Though one million is an impressive number, Dr. Gobler said the goal continues to be to reseed Shinnecock Bay with 33 million clams and other types of shellfish, with the next million clams being in place by late 2016 or early 2017.

Clams are natural filters, helping cleanse water that has too much nitrogen—a common problem in the western regions of the bay.

"We put them in regions that have been declared by the Southampton Town Trustees as 'no-take zones,' so they can't be harvested," Dr. Gobler said. "We choose areas where clams will survive and areas that, when they propagate young, the offspring stay in the Shinnecock Bay."

According to Dr. Gobler, clams can start to reproduce when they reach 2 to 3 years of age, and do so by spitting gametes into the water. One they are released, they require adult clams to be in the area, to ensure the completion of the reproduction process. Also assisting with the success rate is that clams, if not harvested, can live for decades.

When he first started researching the issue nearly 10 years ago, Dr. Gobler noticed that the few clams inhabiting Shinnecock Bay were spread too far apart, reducing their chances for successful reproduction. That research inspired him, with the help of Dr. Brad Peterson, to start the current program in 2012.

A professor at Stony Brook since 2006, Dr. Peterson explained that he and Dr. Gobler figured they could immediately start addressing the issue of nitrogen-loading in the bay through their clam restoration program.

"We believe that every clam we planted has survived since we began the effort," Dr. Gobler said. "We now see signs of successful reproduction. If we can saturate the system with clams, we think the adults can get us to 33 million much faster than we initially thought."

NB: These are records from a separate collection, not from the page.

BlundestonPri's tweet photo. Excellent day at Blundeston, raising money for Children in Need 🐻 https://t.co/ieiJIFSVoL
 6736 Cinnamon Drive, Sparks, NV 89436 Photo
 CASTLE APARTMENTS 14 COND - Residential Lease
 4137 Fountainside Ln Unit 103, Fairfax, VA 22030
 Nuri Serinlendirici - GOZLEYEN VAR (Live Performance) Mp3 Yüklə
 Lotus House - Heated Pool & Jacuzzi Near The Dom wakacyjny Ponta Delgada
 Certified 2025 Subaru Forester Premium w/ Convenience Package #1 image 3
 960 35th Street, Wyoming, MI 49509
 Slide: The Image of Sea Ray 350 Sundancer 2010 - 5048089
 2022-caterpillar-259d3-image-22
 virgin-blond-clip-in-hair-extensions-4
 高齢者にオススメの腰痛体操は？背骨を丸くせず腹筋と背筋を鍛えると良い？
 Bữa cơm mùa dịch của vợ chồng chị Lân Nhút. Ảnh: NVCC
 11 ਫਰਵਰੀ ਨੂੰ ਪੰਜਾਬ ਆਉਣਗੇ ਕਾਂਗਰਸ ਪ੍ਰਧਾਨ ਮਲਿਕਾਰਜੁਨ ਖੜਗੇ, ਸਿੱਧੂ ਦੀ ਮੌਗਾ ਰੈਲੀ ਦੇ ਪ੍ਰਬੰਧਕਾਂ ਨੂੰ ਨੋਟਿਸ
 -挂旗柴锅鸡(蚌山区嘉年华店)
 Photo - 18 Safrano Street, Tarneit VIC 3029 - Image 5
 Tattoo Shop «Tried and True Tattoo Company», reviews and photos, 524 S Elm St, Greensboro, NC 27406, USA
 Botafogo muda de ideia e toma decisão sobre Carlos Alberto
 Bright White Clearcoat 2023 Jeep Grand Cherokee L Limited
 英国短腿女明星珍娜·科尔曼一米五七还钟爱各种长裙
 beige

If his team must seed all of the clams, Dr. Gobler estimates that it would take about a decade to hit the 33 million mark. That time could be cut down considerably if the adult clams start to successfully reproduce. He noted that 33 millions clams could filter all the water in Shinnecock Bay in about three days.

Over the past few decades, the water quality in the bay has been on the decline. The continued reappearance of brown and red tides, according to Dr. Gobler, continue to wreak havoc in the bay and all forms of life that call it home. He pointed out that, earlier this year, the shellfish fishery was closed off due to the presence of red tide. It was the third such closure in the past five years.

"Nitrogen runoff is one of the ultimate causes," Dr. Gobler said of the damaging tides, caused by algae blooms. "Another cause is the fact that we know in that region there use to be a much more abundant hard clam population. Those clams served as a filter for the bay."

Another important aspect to ensure the ongoing success of the program is to continue to raise awareness, Dr. Gobler said. The East Quogue resident said he works with students at all levels, from elementary school to graduate school, to help foster education. In the fall, students from Hampton Bays and Southampton high schools helped stock one of the sanctuaries by planting 50,000 clams.

Dr. Stephanie Forsberg, a science teacher at the Hampton Bays High School, took 18 students on that field trip. She recalled the students being fascinated while learning how clams, as well as other shellfish, serve as filters and help clean bay water. Some of the students wanted to dissect clams to learn more about the process.

"This is a research program that I would encourage all educators to get involved with," Dr. Forsberg said. "It's something that benefits the community and the students as well."